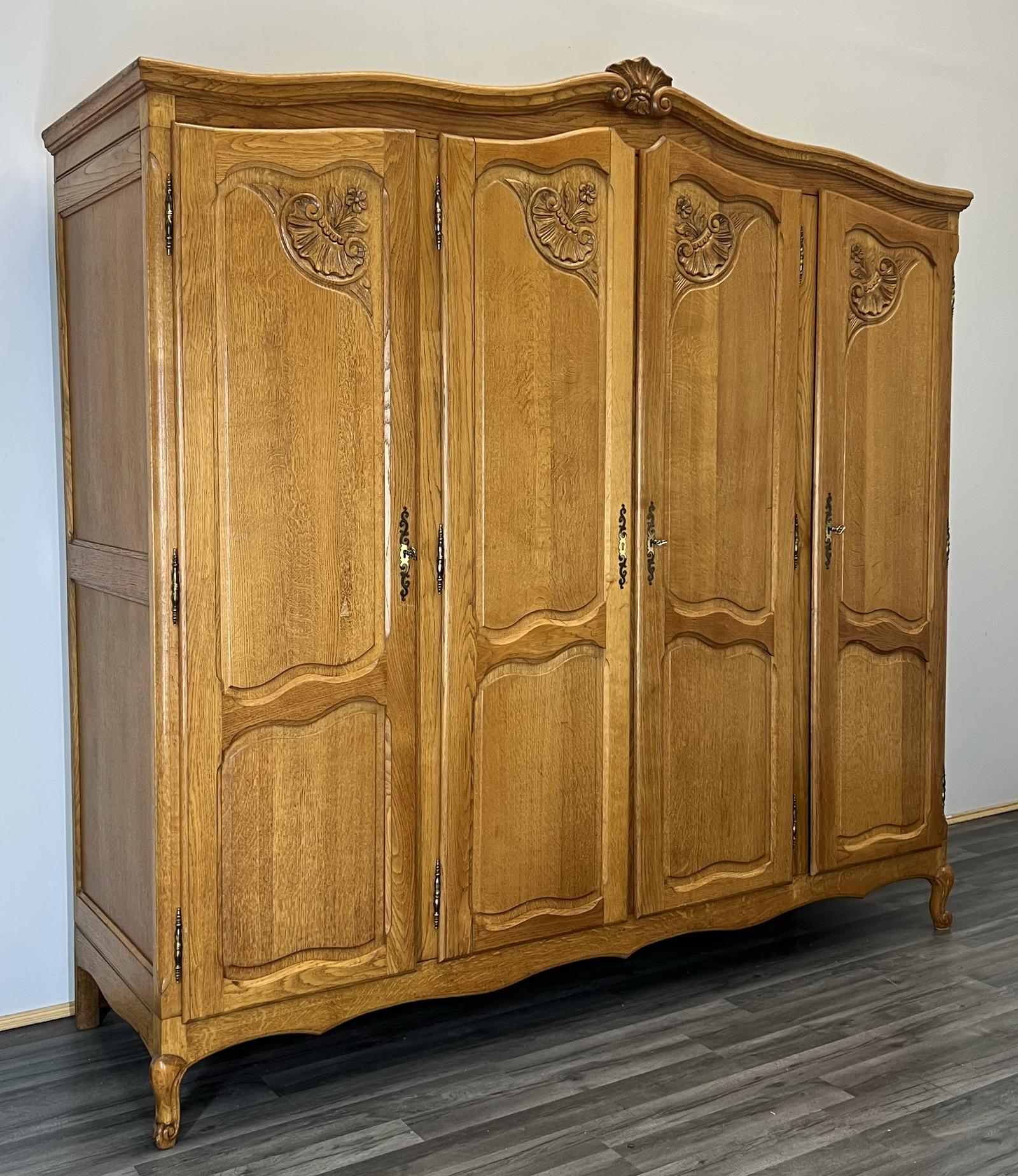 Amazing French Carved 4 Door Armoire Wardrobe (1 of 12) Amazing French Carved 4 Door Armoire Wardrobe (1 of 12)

^^^^

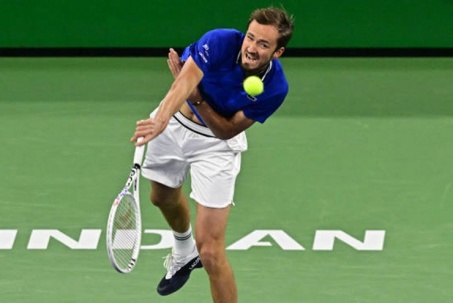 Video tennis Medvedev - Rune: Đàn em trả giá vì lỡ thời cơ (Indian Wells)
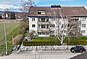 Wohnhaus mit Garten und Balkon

^^^^

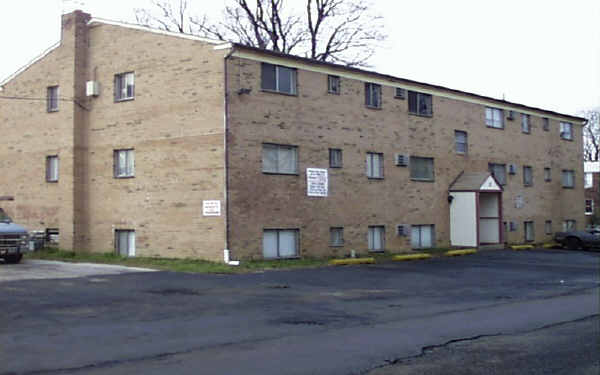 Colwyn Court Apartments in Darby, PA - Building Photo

^^^^

- What the exercise asks -
Beginning with the line that contains "Video tennis Medvedev" and ending with the line that contains "Wohnhaus mit Garten und Balkon", reproduce the listing exactly, pictures excluded.

- Expected answer -
 Video tennis Medvedev - Rune: Đàn em trả giá vì lỡ thời cơ (Indian Wells)
 Wohnhaus mit Garten und Balkon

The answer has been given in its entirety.